Differentiable functions are fundamental in calculus. Essentially, a function is said to be differentiable at a point if it has a derivative there. A derivative represents how a function changes as its input changes. For a function to be differentiable across its entire domain, it has to be smooth or continuous, without any sharp bends or breaks.
The exercise gives us two functions, \(c(x)\) and \(s(x)\), and asks us to show they're differentiable on the entire number line. This involves computing their derivatives using given properties.
Differentiability, as shown in this exercise, involves verifying that the derivatives exist and that the functions smoothly oscillate, which is confirmed by applying the chain rule and product rule to find the derivatives. Thus, differentiable functions like \(c(x)\) and \(s(x)\) are essential in modeling and predicting behavior smoothly and continuously.

Chain Rule

The chain rule is a powerful method in differential calculus used to find the derivative of composite functions. It tells us how to differentiate a function inside another function. If you have two differentiable functions \(f\) and \(g\), the chain rule says that the derivative of their composite \(f(g(x))\) is \(f'(g(x)) \cdot g'(x)\).
In the exercise, the problem uses the chain rule implicitly when differentiating functions like \(c(x+y)\) and \(s(x+y)\). By breaking these into simpler parts, we can differentiate \(c(x+y)\) and \(s(x+y)\) as combinations of \(c(x), c(y), s(x),\) and \(s(y)\) using this rule.

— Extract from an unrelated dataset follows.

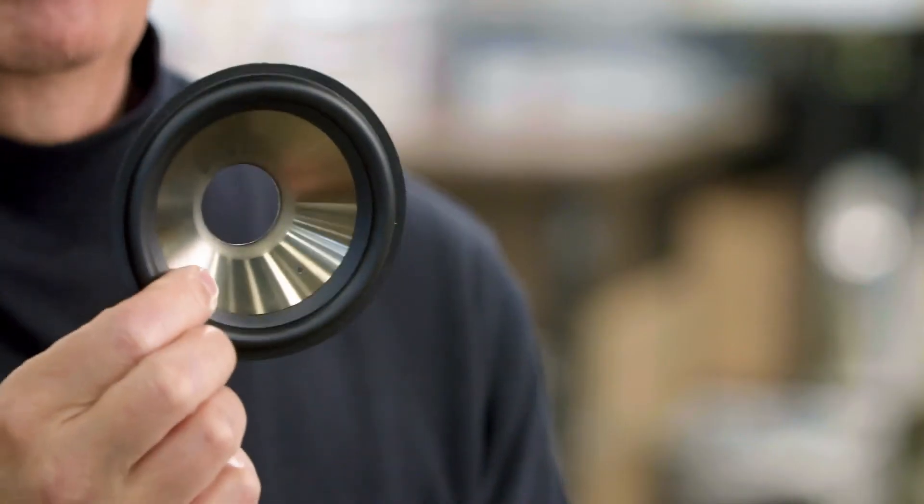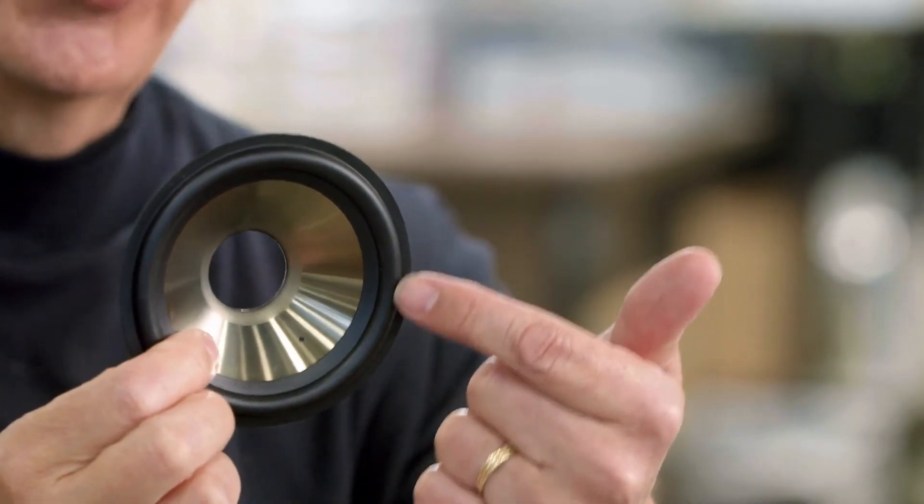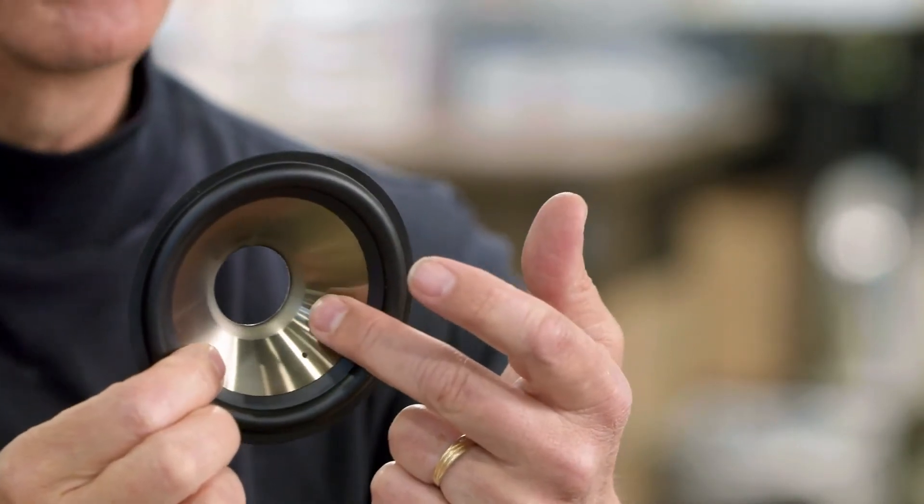A cone can be made out of a lot of different materials depending upon the application of the speaker. For example, this cone has a very soft edge, and it's made out of polypropylene, so it's designed to be used possibly in an outdoor situation, and most likely as a woofer.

• Differentiate the outer function keeping the inner function unchanged.
• Multiply it by the derivative of the inner function.

Understanding the chain rule is crucial because it helps in managing complex expressions that involve nested functions, making it easier to handle in calculus.

Linear Differential Equations

Linear differential equations are equations that relate a function to its derivatives. They appear in many natural phenomena modeling and are pivotal in mathematical analysis. These equations are vast, but the basic form can often be expressed as something like \(a(x)y' + b(x)y = c(x)\).
The challenge in the exercise was to find \(c(x)\) and \(s(x)\) using a system of linear differential equations derived from the derivatives: \(c'(y) = a c(y) - b s(y)\) and \(s'(y) = b c(y) + a s(y)\). By solving these equations, one can find explicit expressions for \(c(x)\) and \(s(x)\). Techniques like diagonalization of matrices or finding eigenvectors can simplify solving these systems.
They help determine the behavior of systems modeled by such equations, often leading to solutions that describe wave-like or oscillatory movements, which are applicable in various fields such as physics and engineering.